El doble duelo que lo afectó, apareció de entrada como un fardo tanto más pesado de
llevar que la influencia del entorno próximo mantenido apartado entre la expresión del
dolor compartido y la necesidad de tener que sobreponerse a su propia pesadumbre para
evitar impedir el desarrollo del huérfano. Es en el momento en que el duelo es difractado
que la distancia pudo acortarse y la influencia circundante disiparse. Gaspar pudo
constituir su propio espacio secreto, como una especie de “fundamento narcisista que no
sea contradictorio con la relación de objeto” (Entrevista de F. Richard con A. Green,
Adolescencia Nº50, p.732) espacio de secretos a partir del cual podrá en lo sucesivo
irradiar. El caso de Jerónimo se desmarca un poco de los otros ya que Jerónimo no había
sufrido ningún duelo en sentido estricto, pero lo que experimentó en los comienzos de su
adolescencia fue del mismo registro que si hubiera sufrido la desaparición efectiva de los
objetos parentales. De algún modo, anticipó la desaparición de sus padres y es
individualizado a favor de un universo fantasmático abundante, una gran capacidad de
realización pulsional por la percepción, es decir una cierta capacidad de sublimación. En
las tres situaciones la prueba del duelo ha podido transformarse en un duelo salvador en
la medida en que cada uno pudo apropiarse del duelo y salir fortalecido.

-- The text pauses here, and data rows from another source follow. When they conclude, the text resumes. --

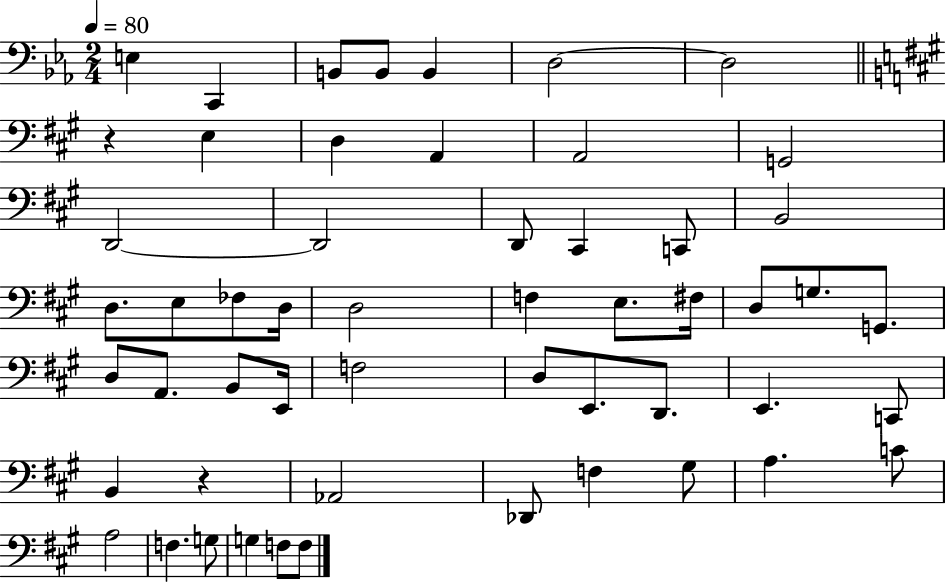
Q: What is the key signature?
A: EES major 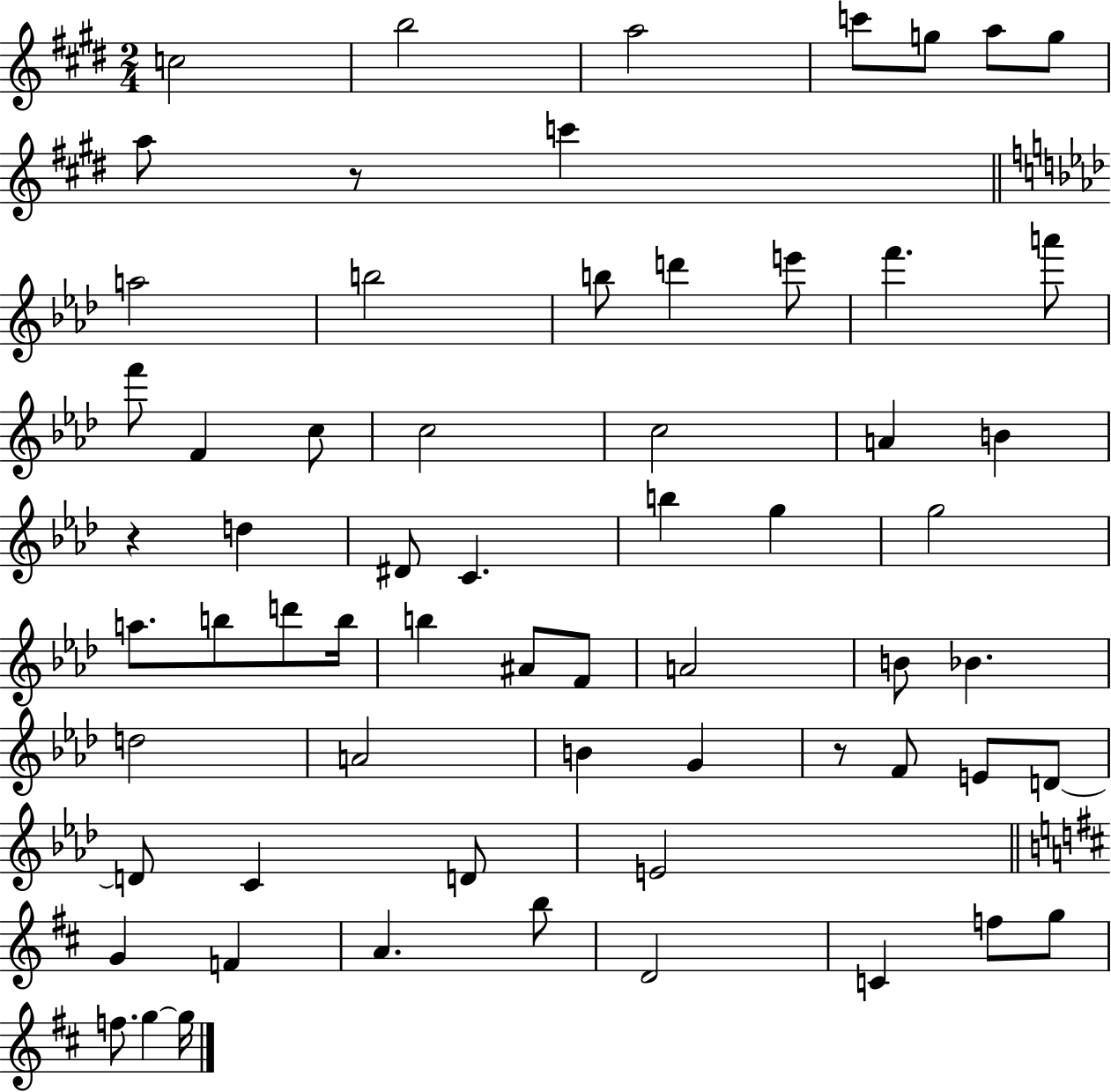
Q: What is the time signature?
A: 2/4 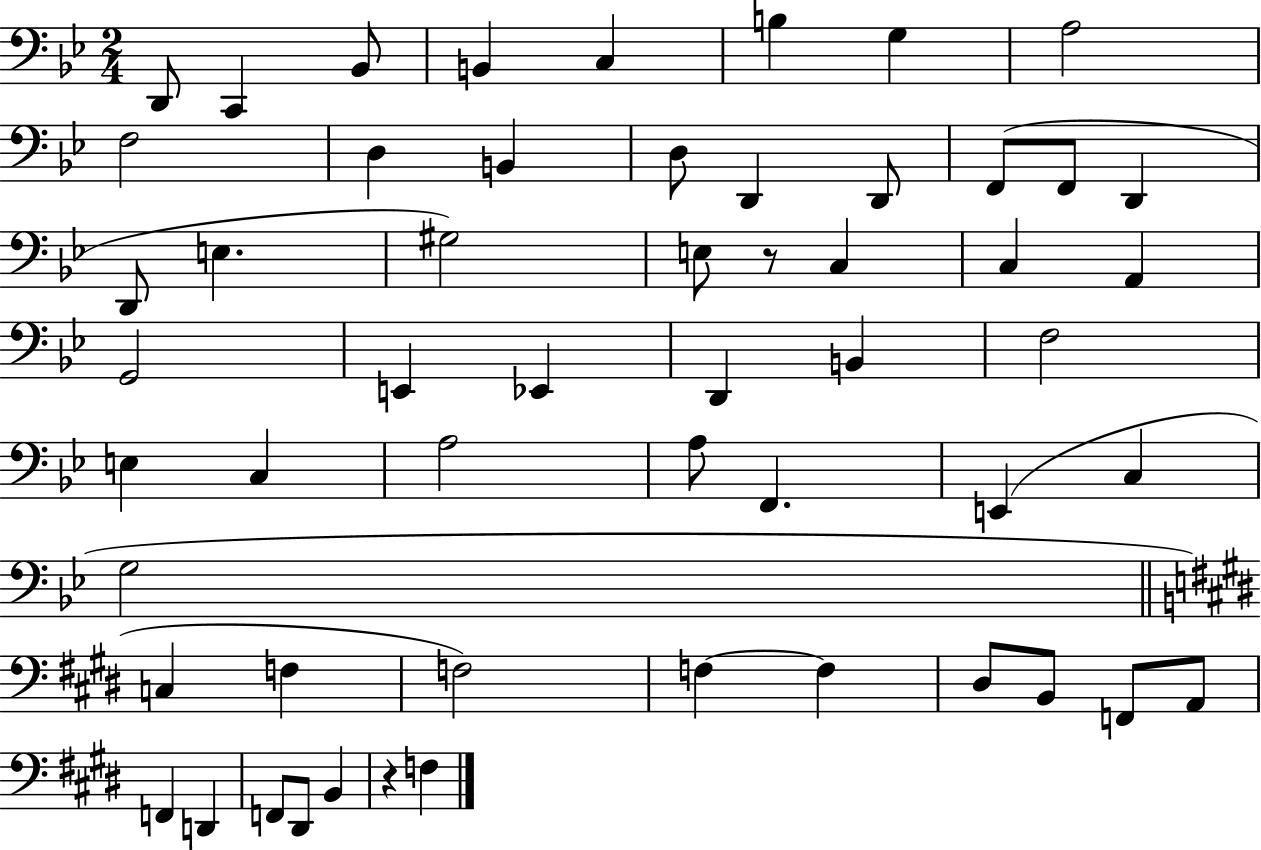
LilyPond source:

{
  \clef bass
  \numericTimeSignature
  \time 2/4
  \key bes \major
  \repeat volta 2 { d,8 c,4 bes,8 | b,4 c4 | b4 g4 | a2 | \break f2 | d4 b,4 | d8 d,4 d,8 | f,8( f,8 d,4 | \break d,8 e4. | gis2) | e8 r8 c4 | c4 a,4 | \break g,2 | e,4 ees,4 | d,4 b,4 | f2 | \break e4 c4 | a2 | a8 f,4. | e,4( c4 | \break g2 | \bar "||" \break \key e \major c4 f4 | f2) | f4~~ f4 | dis8 b,8 f,8 a,8 | \break f,4 d,4 | f,8 dis,8 b,4 | r4 f4 | } \bar "|."
} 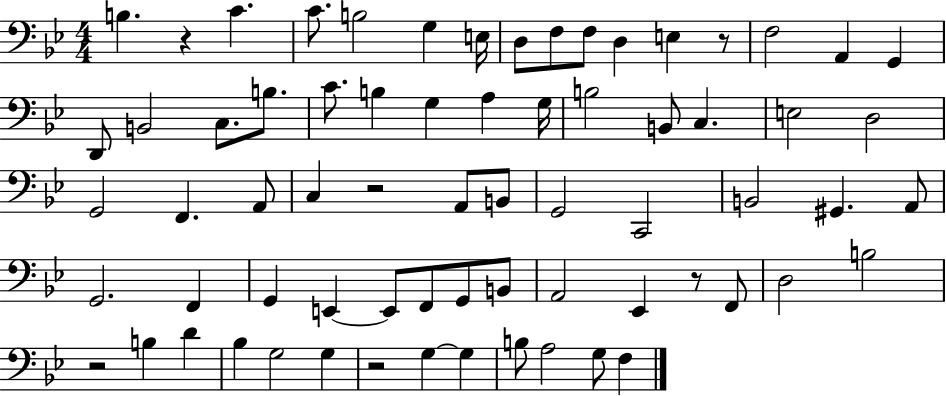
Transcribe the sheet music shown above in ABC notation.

X:1
T:Untitled
M:4/4
L:1/4
K:Bb
B, z C C/2 B,2 G, E,/4 D,/2 F,/2 F,/2 D, E, z/2 F,2 A,, G,, D,,/2 B,,2 C,/2 B,/2 C/2 B, G, A, G,/4 B,2 B,,/2 C, E,2 D,2 G,,2 F,, A,,/2 C, z2 A,,/2 B,,/2 G,,2 C,,2 B,,2 ^G,, A,,/2 G,,2 F,, G,, E,, E,,/2 F,,/2 G,,/2 B,,/2 A,,2 _E,, z/2 F,,/2 D,2 B,2 z2 B, D _B, G,2 G, z2 G, G, B,/2 A,2 G,/2 F, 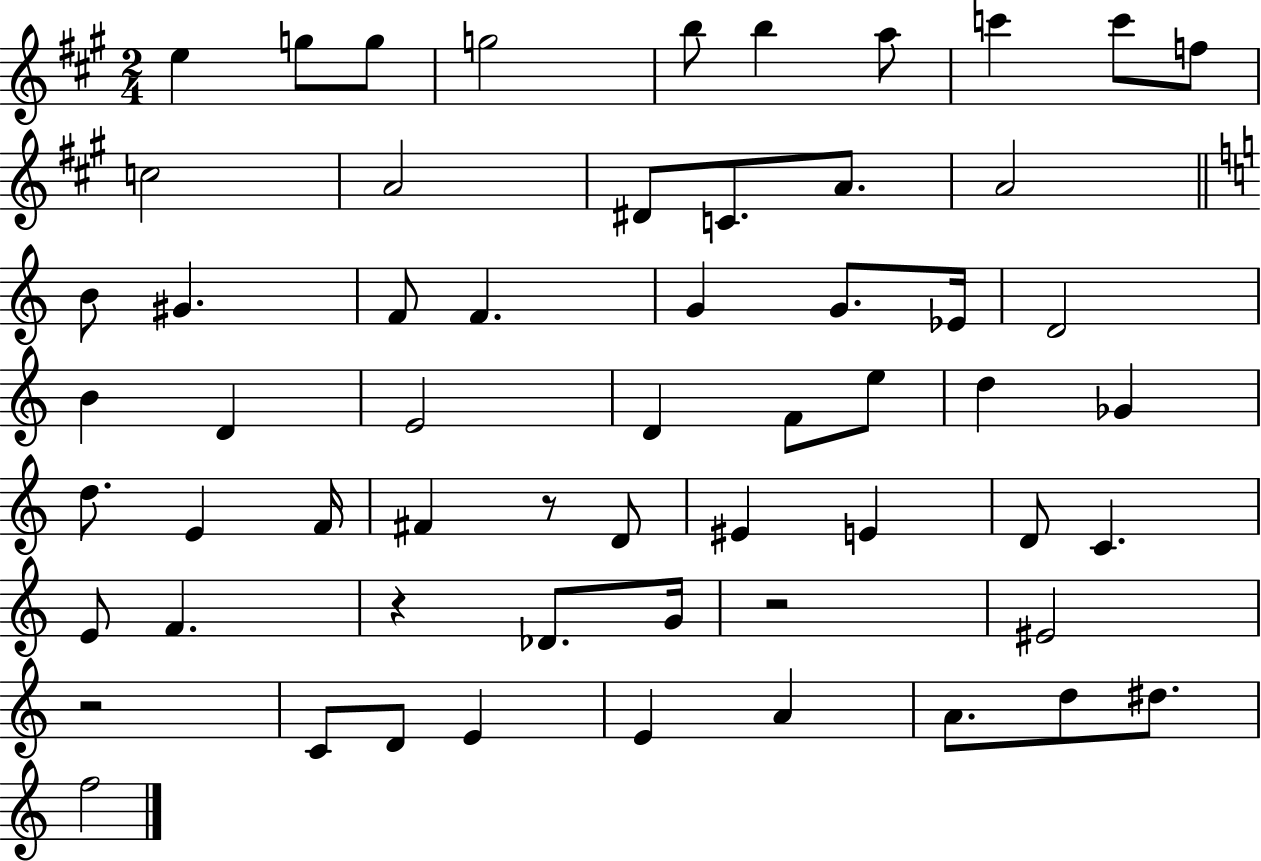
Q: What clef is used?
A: treble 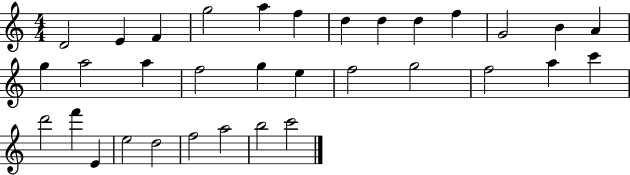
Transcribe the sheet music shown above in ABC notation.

X:1
T:Untitled
M:4/4
L:1/4
K:C
D2 E F g2 a f d d d f G2 B A g a2 a f2 g e f2 g2 f2 a c' d'2 f' E e2 d2 f2 a2 b2 c'2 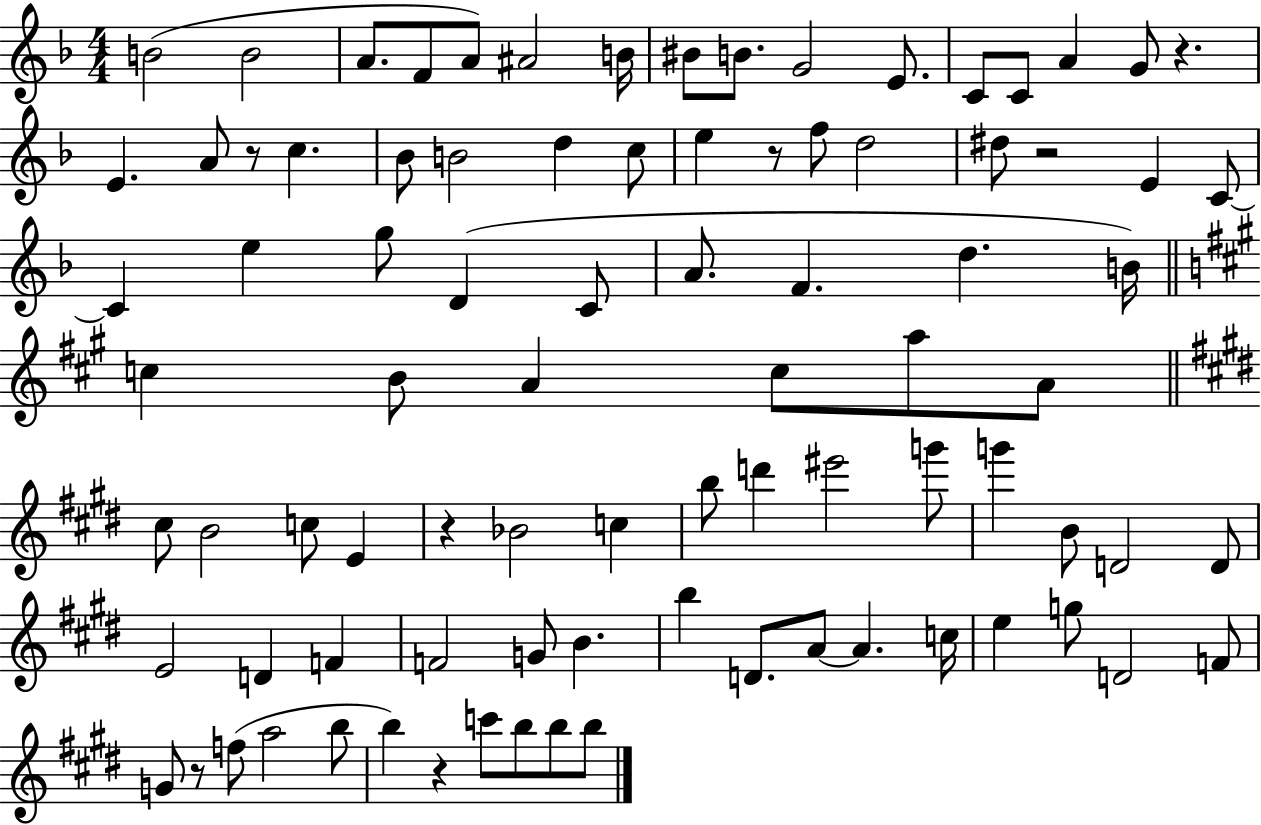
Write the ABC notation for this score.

Podemos considerar la adolescencia –inspirándonos en la investigación del antropólogo
inglés Tim Ingold- como un viaje itinerante que oscila constantemente entre dos clases de
movimientos: el paseo y la travesía. La marcha deambulatoria (tópica) que avanza como el
espiral de una progresión armónica, que nos permite volver, y regenerar los lugares que
nos nutrieron”. O bien ese movimiento (utópico) que “supone un espacio ‘abierto’, sin
lugar o en todo caso borrando los lugares que deja atrás. Los duelos se inscriben en este
doble movimiento entre surcos de trayecto y surcos de modernidad, para fragmentar
estos surcos y permitir al sujeto en desarrollo ubicarse en la falla de las cosas, en la
brecha, y entonces en su aparición” (Baudrillard, 2001, “De un fragmento, el otro”) como
en el país Dogon en la galería situada justo debajo del cementerio del acantilado de
Bandiagara, bajo la protección de los muertos, tal vez para “aprender a andar como un
hombre solo” como decía Pérec, “vagar, arrastrar, ver sin mirar, mirar sin ver, aprender la
transparencia, la inmovilidad, la inexistencia”, o sea dejarse llevar como lo ha dicho
Roland Barthes, por la fuerza de toda vida viviente: el olvido.